Map the fields once, then let the importer do the work
With complete CSVs in hand, the import is mostly a mapping exercise, and it's worth doing carefully rather than fast. Jira issue types map to Planoda issue types; statuses map to workflow states; priorities and assignees map directly. The epic/story/sub-task hierarchy maps to parent issues and sub-issues, and the cross-issue links — blocks, duplicates, relates-to — come across as the equivalent relationships so dependencies aren't flattened into prose. Custom fields map to labels or typed issue fields. The importer auto-suggests most of this from the column names; your job is to review the preview and correct the handful it can't infer.
Treat the preview as the real migration, not a formality. It's the one moment where you see exactly how the old model lands in the new one before anything is committed, and a five-minute review here saves a week of 'why did all our P2s become P3s' later. Confirm the status mapping especially — it's where teams' subtle, undocumented workflow conventions hide, and where a wrong mapping quietly mis-sorts the entire backlog. Once the mapping is right, the importer brings issues, comments, hierarchy, and links across in a single pass.
Cut over a team at a time, not all at once
Even with a clean import, a big-bang cutover where the whole org switches on a Monday is asking for trouble. The healthier pattern is to migrate one team at a time. Import that team's projects, let them work in Planoda for a full cycle, and keep the Jira project read-only as a safety net rather than deleting it. A single team is small enough to support closely, surfaces any mapping issues while they're cheap to fix, and produces the internal reference — 'the platform team moved and it went fine' — that makes the next team's move a non-event instead of a fight.

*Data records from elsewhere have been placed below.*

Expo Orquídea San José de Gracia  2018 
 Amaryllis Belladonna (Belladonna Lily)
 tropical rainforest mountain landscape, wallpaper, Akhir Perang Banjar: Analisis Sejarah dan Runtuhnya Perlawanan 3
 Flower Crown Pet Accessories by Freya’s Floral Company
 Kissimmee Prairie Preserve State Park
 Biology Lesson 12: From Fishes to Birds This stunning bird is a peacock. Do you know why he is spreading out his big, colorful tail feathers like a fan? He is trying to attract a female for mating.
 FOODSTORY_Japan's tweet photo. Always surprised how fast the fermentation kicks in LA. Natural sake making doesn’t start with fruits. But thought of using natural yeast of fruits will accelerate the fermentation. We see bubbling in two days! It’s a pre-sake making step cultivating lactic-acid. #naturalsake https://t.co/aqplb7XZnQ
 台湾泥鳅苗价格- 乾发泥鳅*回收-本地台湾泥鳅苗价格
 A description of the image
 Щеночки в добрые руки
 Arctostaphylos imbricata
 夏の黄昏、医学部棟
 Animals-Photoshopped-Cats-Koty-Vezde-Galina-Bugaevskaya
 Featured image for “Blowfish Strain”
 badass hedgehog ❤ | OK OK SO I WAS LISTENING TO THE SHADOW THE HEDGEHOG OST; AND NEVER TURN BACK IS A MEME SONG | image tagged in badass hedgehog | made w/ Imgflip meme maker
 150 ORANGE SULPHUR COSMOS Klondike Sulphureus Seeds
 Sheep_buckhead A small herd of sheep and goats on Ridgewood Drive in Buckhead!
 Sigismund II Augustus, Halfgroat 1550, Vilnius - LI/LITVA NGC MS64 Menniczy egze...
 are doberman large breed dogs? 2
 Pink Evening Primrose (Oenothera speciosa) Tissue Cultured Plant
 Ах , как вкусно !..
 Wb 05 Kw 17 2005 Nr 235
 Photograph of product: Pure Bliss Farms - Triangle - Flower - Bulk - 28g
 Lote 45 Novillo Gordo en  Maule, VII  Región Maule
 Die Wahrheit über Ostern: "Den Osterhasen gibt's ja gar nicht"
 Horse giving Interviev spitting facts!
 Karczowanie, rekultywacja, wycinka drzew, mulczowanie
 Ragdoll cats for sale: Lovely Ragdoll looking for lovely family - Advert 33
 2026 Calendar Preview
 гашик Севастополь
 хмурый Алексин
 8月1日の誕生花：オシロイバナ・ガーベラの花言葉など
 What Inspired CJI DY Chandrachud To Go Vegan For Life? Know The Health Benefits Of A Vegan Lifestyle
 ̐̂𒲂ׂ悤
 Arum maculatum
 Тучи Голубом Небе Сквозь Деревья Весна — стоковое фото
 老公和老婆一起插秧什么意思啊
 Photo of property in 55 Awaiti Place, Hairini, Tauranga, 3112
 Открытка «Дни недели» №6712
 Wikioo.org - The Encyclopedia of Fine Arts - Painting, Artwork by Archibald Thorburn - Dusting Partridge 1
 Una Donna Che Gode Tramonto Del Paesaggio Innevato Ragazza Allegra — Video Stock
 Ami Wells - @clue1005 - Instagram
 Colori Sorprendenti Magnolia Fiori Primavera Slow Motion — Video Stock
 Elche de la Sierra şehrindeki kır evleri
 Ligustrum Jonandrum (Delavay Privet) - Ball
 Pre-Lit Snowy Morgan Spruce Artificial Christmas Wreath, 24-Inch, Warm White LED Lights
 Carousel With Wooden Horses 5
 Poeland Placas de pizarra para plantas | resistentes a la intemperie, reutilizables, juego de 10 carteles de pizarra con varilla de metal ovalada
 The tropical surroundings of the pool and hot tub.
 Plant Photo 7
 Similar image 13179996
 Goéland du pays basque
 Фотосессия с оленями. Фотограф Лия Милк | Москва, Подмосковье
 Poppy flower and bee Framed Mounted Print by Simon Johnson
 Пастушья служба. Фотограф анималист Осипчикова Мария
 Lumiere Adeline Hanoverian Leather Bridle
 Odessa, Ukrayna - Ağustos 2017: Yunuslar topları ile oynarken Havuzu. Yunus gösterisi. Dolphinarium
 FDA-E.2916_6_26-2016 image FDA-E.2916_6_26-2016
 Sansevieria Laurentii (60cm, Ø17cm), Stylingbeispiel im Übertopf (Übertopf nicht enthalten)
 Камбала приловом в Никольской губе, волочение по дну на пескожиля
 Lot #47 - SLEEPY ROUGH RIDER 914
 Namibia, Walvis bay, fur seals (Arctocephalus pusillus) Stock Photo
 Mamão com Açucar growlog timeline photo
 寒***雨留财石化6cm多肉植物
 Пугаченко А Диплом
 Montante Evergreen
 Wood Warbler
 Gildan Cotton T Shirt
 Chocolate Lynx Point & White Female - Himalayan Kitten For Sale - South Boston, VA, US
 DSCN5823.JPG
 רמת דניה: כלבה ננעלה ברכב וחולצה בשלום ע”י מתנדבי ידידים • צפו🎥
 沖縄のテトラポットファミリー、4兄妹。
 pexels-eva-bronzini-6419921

During this window, point your Git provider at Planoda so new PRs link to the migrated issues, while old PRs still resolve through the preserved keys. The two states coexist cleanly because the keys are shared. When the team has worked a cycle without reaching back into Jira, archive the Jira project — and notice that you're archiving, not deleting in a panic, because everything that mattered already came across and you verified it did.
Verify against the questions, not the row count
The last step is the one teams skip and then regret: actually verifying the migration answered the questions the old system could. Row counts are necessary but not sufficient — the right number of issues with the wrong mapping is still a broken migration. Instead, verify against real questions. Open a few closed issues from years ago and confirm the comment threads came across. Click an old PR's issue link and confirm it lands on the right migrated issue. Pull up an epic and confirm its children are still its children. Search for a term you know lived in an old ticket and confirm it surfaces.
If those spot checks pass, you haven't just moved your data — you've moved your memory, which is the whole point. The fear that keeps teams on Jira is the fear of arriving somewhere new and not being able to find anything they used to know. A migration that preserves the issues, the discussion, the structure, and the keys, and that you've verified by asking it the questions you used to ask Jira, dissolves that fear completely. You don't lose your history. You just stop paying the tool that held it hostage.